**PROVIDED DATA:**
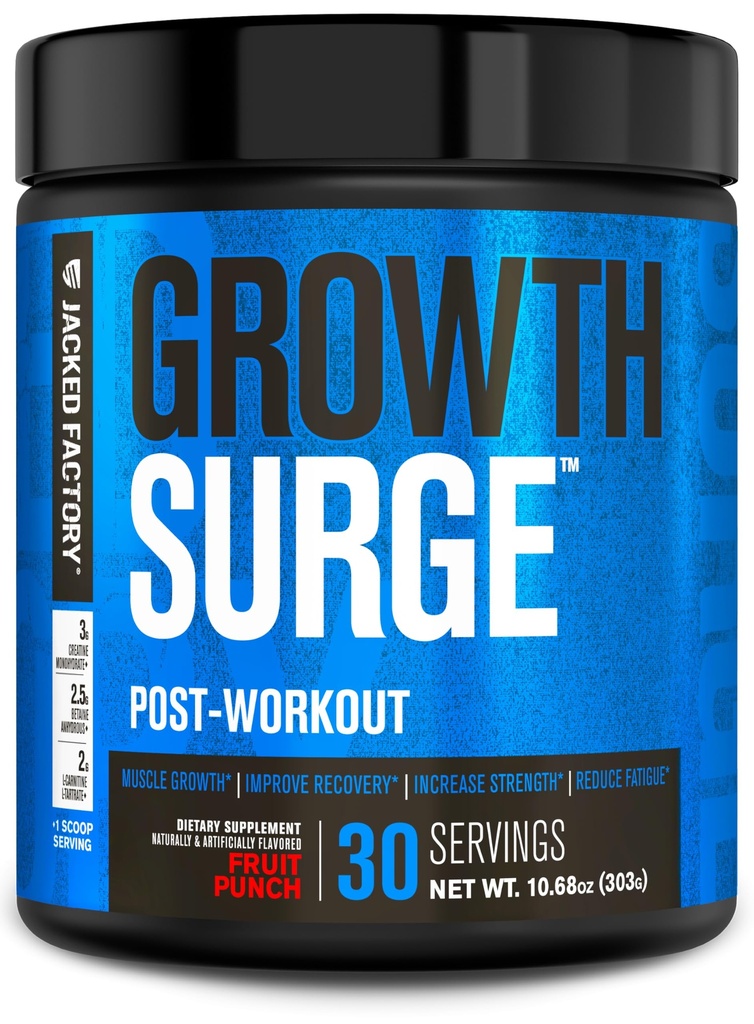 Jacked Factory Growth Surge Creatine Workout w / L- Carnitine - Daily Muscle Builder & Recovery Suplemen dengan Creatine Monohydrate, Betaine, L-Carnitine L-Tartdown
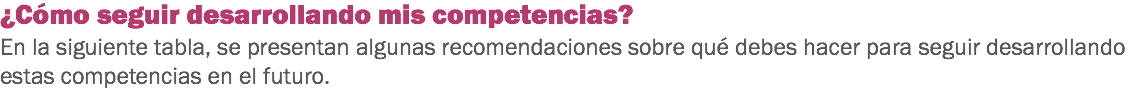 ¿Cómo seguir desarrollando mis competencias?
En la siguiente tabla, se presentan algunas recomendaciones sobre qué debes hacer para seguir desarrollando estas competencias en el futuro.
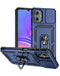 Encuentra la mejor funda hybrid para tu Samsung Galaxy A07 en Guatemala con aro metal y protector de cámara en color azul marino.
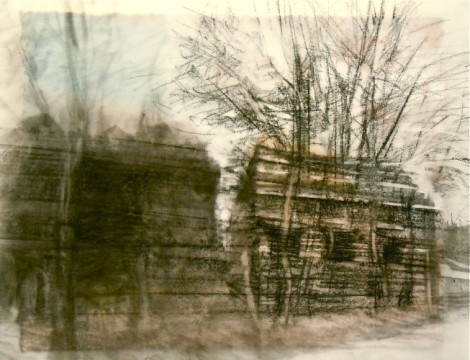 Tree House. Charcoal on vellum over acrylic on paper, 5" x 6.5", 2012 | $220 (unframed)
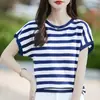 Camiseta de punto de verano transfronteriza de moda nueva para mujer, manga corta, cuello redondo, a rayas, top tipo chaqueta holgado de bloques de color, jersey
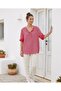 Women's Striped V-Neck Button Detailed Three-Quarter Sleeve Blouse - 2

**THE PROBLEM:** With the pictures excluded, transcribe word for word only the lines from the one containing "Camiseta de punto" through the last line of the records.

**THE COMPLETED TASK:**
 Camiseta de punto de verano transfronteriza de moda nueva para mujer, manga corta, cuello redondo, a rayas, top tipo chaqueta holgado de bloques de color, jersey
 Women's Striped V-Neck Button Detailed Three-Quarter Sleeve Blouse - 2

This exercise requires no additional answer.